Public Benefit

Conducting Overseas Site Visits

The International Journal
of Not-for-Profit Law

Volume 3, Issue 2, December 2000

By Victoria B. Bjorklund and Jennifer I. Goldberg
Simpson Thacher & Bartlett,
New York, N.Y.

The American public is the most generous in the world in terms of dollars given, and U.S. donors are becoming more and more involved with international issues. The enormous range of international activities conducted or funded by U.S. charities occasionally gives rise to the need to conduct site visits overseas. This article discusses how U.S. charities may use site visits to ensure, for themselves, their donors, and in some cases, the Internal Revenue Service (the “IRS”), that foreign activities are being conducted in conformity with the missions and standards of the U.S. charity and that funds are used for the purposes for which grants were made.

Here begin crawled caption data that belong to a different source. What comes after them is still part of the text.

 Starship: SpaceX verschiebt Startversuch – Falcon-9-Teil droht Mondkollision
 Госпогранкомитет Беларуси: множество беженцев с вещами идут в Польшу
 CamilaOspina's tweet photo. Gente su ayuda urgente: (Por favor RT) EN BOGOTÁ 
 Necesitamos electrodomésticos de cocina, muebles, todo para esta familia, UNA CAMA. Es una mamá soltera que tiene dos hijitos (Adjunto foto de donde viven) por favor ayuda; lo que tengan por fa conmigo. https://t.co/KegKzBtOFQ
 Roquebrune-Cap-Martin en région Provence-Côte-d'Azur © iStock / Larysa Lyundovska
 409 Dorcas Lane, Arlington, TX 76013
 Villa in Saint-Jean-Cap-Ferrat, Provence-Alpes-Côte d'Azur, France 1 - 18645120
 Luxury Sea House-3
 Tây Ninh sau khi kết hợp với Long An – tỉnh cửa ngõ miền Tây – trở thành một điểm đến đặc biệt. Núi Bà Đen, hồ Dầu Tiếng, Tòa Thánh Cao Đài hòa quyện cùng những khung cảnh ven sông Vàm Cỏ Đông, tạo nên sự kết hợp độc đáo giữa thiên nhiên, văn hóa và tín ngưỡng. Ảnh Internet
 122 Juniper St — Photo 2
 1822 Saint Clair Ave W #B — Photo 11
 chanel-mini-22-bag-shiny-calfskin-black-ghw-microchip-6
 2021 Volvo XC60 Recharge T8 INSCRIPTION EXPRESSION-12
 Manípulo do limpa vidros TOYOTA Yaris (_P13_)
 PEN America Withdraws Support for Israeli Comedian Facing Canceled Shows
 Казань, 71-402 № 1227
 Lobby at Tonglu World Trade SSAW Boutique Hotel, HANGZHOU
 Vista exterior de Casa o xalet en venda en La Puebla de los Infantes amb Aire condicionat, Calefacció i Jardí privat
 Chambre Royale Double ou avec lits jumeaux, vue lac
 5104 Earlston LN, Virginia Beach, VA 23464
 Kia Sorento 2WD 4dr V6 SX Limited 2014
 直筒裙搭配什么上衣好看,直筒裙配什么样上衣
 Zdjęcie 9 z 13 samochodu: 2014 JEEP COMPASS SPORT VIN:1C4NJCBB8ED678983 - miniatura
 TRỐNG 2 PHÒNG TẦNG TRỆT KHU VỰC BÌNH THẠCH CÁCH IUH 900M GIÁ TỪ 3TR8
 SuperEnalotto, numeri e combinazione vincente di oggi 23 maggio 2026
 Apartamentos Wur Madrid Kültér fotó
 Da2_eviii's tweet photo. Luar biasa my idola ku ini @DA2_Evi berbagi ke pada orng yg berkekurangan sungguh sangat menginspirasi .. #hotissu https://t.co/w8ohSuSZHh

A U.S. charity may receive tax-deductible charitable contributions from U.S. donors and use these funds to conduct activities abroad. A U.S. charity may directly conduct programs in a foreign country,[1] or it may fund activities abroad through another organization located in the foreign country.[2]In the latter instance, to ensure that U.S. donors are eligible to receive a federal income tax deduction for their contributions, the U.S. charity must ensure that it has “discretion and control” over the flow of funds to the foreign recipient (i.e., the U.S. charity must show that it has full control over funds donated to it and discretion to ensure that the funds are used to carry out its charitable purposes).[3] In addition, a U.S. charity may fund overseas activities by providing financial assistance to a foreign government, so long as the funds are used exclusively for charitable purposes and the grant furthers the purposes for which the U.S. charity was formed. Furthermore, if the U.S. charity is a private foundation, extensive recordkeeping is required in connection with international grants.[4]

Site visits provide one excellent way for a U.S. charity to evaluate whether its overseas programs are effective, to determine that funds are used efficiently and to illustrate its exercise of discretion and control. While in many respects the planning and execution of international site visits is identical to that required for domestic visits, [5]there are special issues that may arise for U.S. funders abroad.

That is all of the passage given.